Short descriptive text snippets
:::::

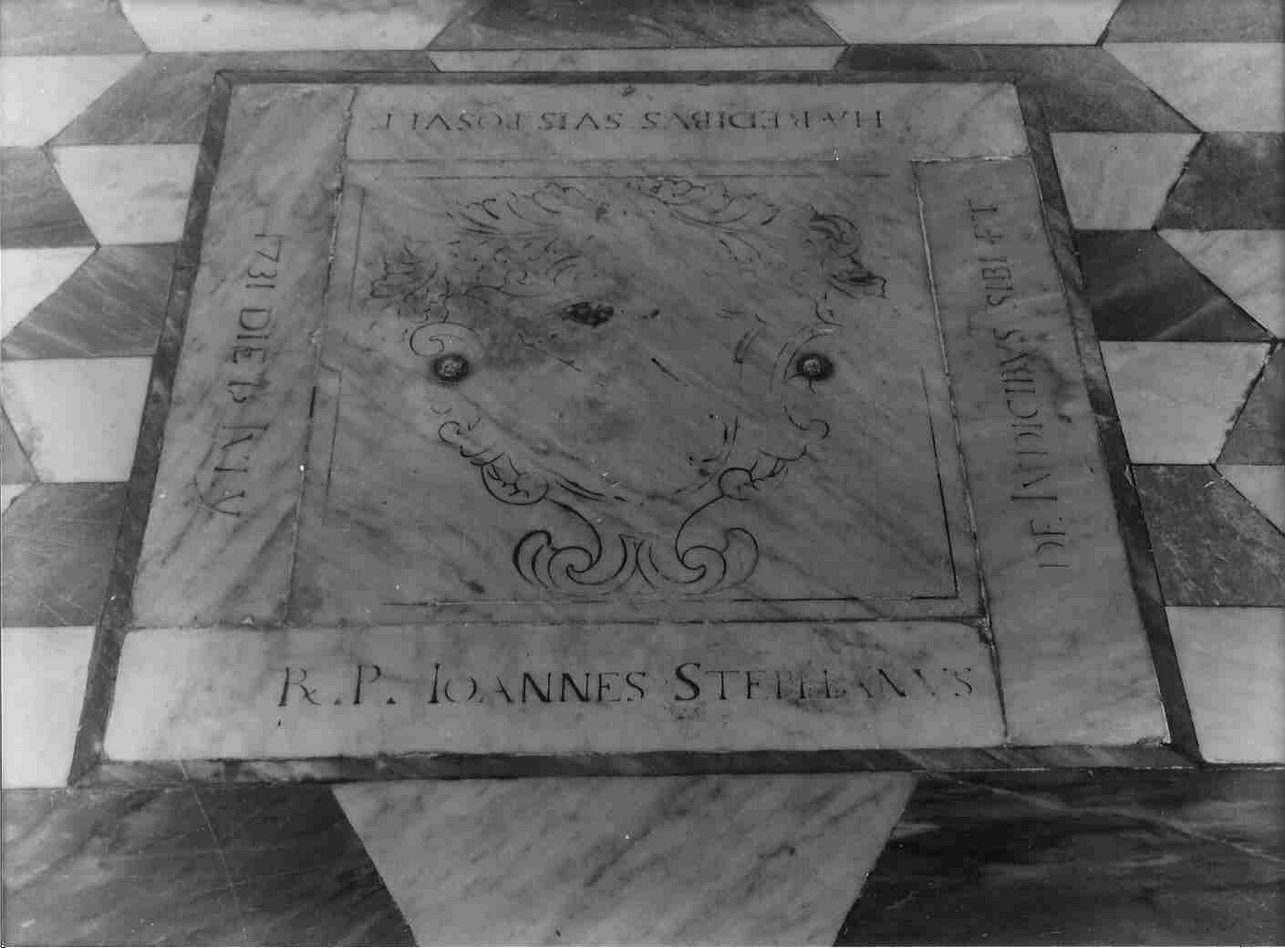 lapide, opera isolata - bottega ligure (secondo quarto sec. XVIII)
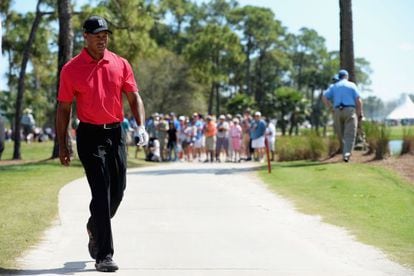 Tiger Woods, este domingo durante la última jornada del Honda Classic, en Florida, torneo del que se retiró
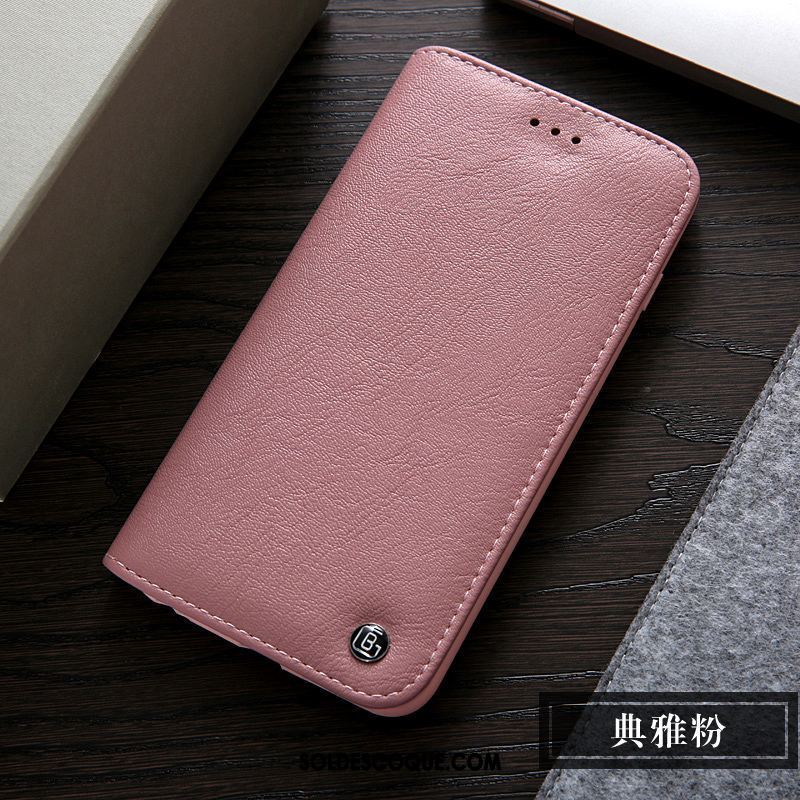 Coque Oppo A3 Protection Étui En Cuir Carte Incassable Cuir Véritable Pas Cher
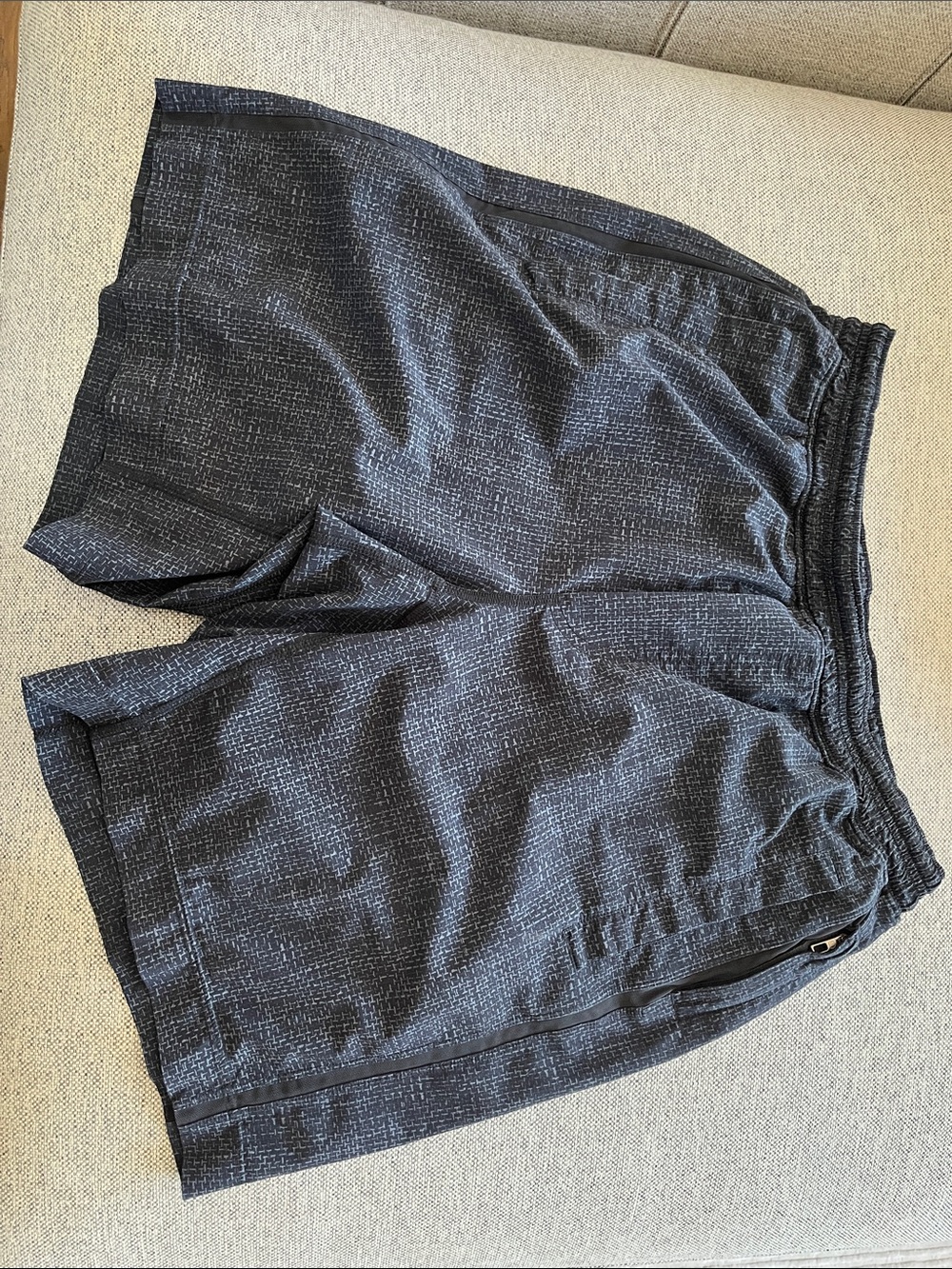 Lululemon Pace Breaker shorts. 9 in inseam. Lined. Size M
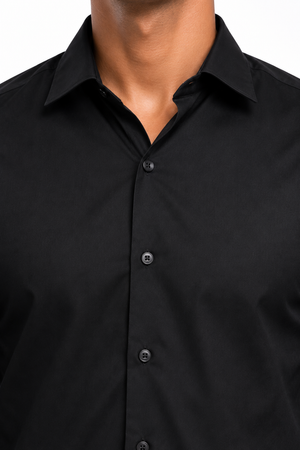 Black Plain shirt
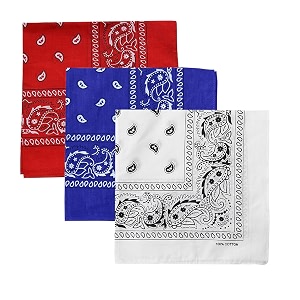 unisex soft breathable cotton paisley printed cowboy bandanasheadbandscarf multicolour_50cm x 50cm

:::::

- **Exercise**:
Your answer must be an exact copy of the entries above, with no pictures in it.

- **Answer**:
 lapide, opera isolata - bottega ligure (secondo quarto sec. XVIII)
 Tiger Woods, este domingo durante la última jornada del Honda Classic, en Florida, torneo del que se retiró
 Coque Oppo A3 Protection Étui En Cuir Carte Incassable Cuir Véritable Pas Cher
 Lululemon Pace Breaker shorts. 9 in inseam. Lined. Size M
 Black Plain shirt
 unisex soft breathable cotton paisley printed cowboy bandanasheadbandscarf multicolour_50cm x 50cm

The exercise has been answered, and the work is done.